*Action item:* Only the lines below from the one containing "سلسال كارتير ماستر 727 سلسال CARTIER" through the one containing "Gasgrill Hampton 6" belong in the answer, repeated exactly and without pictures.

*Data for analysis:*
- - -

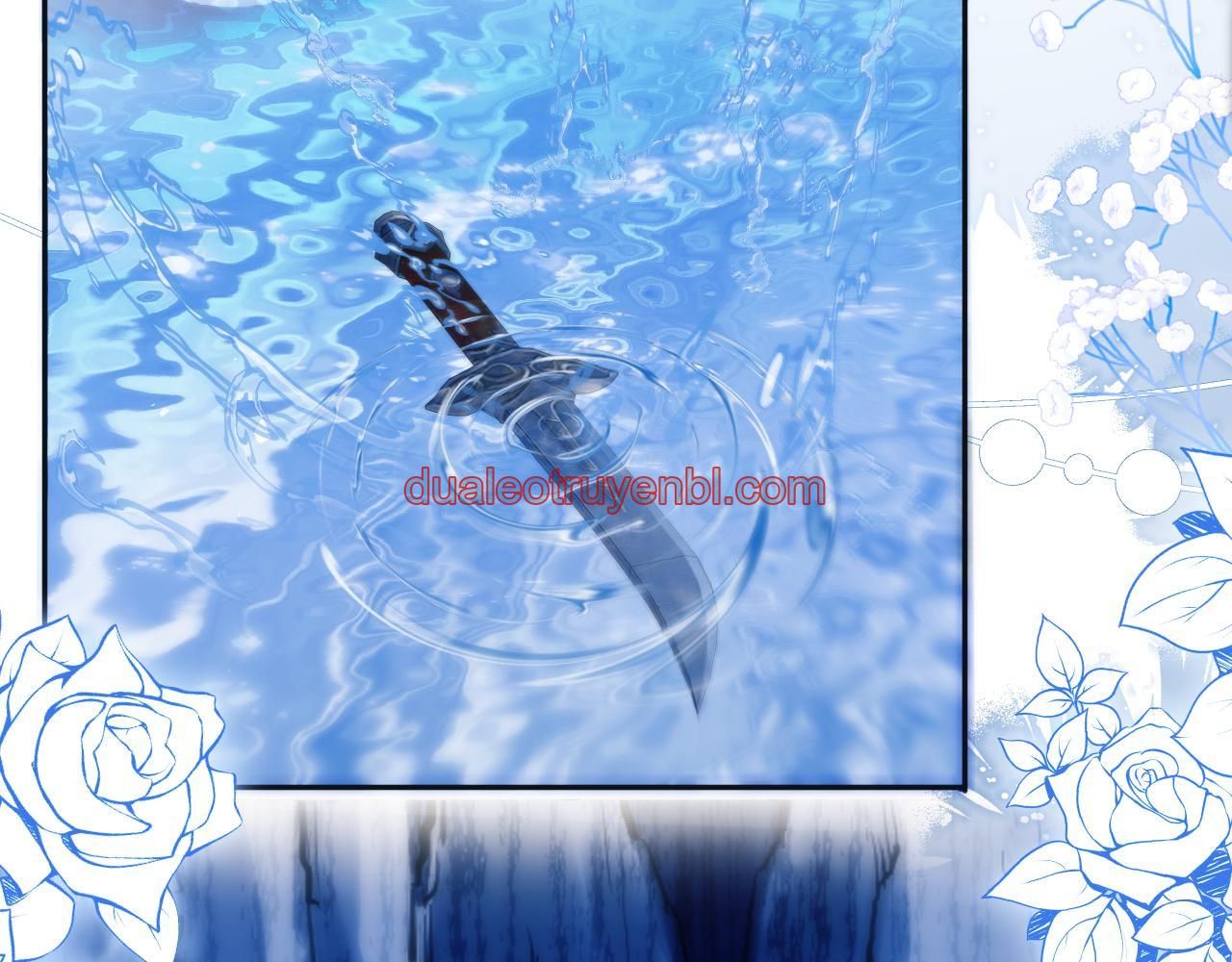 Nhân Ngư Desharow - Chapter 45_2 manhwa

- - -

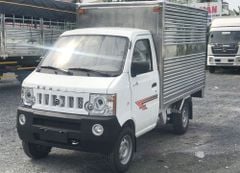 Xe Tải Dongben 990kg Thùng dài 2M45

- - -

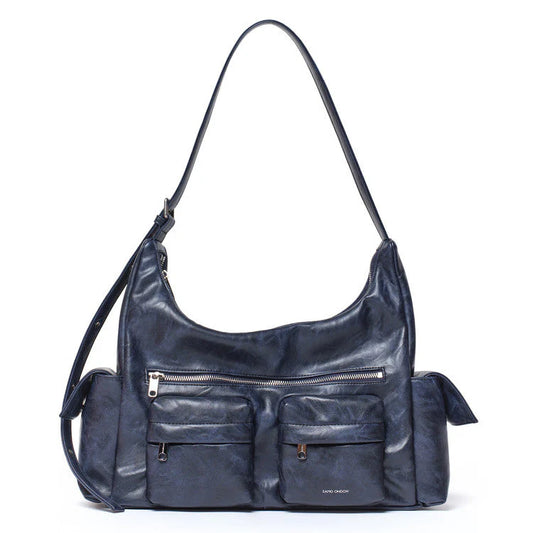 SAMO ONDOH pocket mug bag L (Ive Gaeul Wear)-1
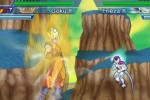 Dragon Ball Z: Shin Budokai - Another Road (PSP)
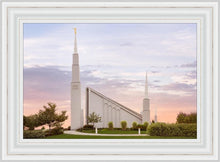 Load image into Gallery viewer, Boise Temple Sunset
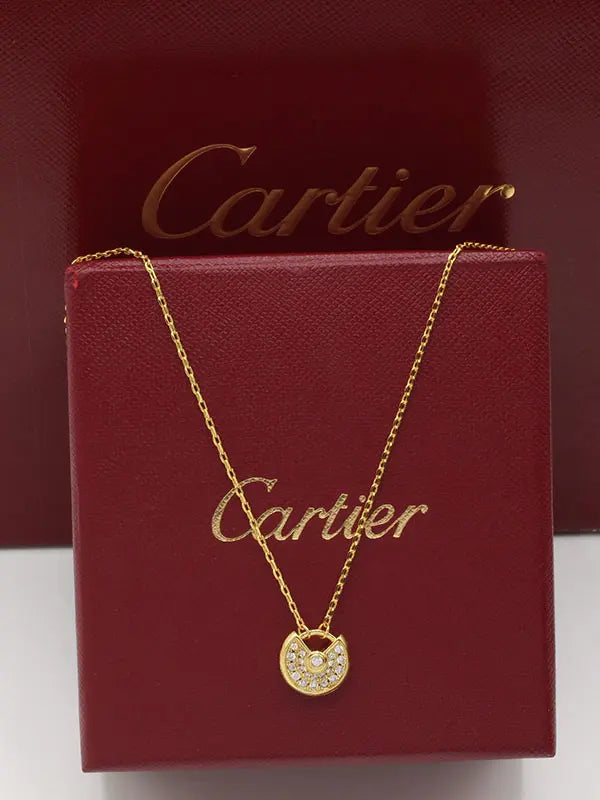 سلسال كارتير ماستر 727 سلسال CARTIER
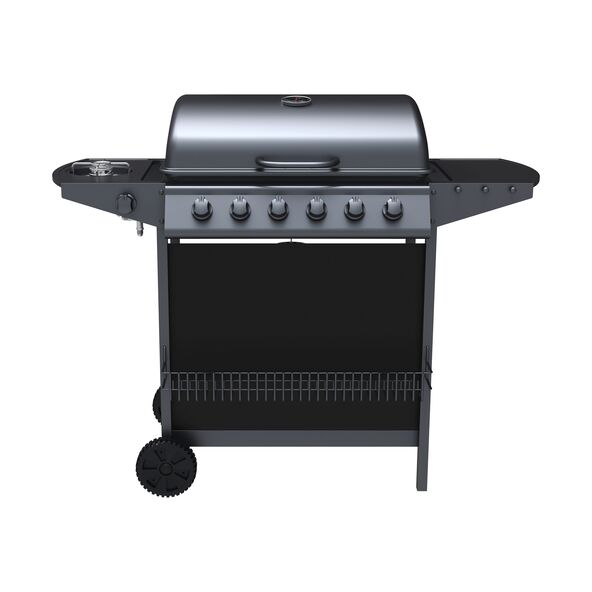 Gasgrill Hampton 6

- - -

*Reply to the task:*
 سلسال كارتير ماستر 727 سلسال CARTIER
 Gasgrill Hampton 6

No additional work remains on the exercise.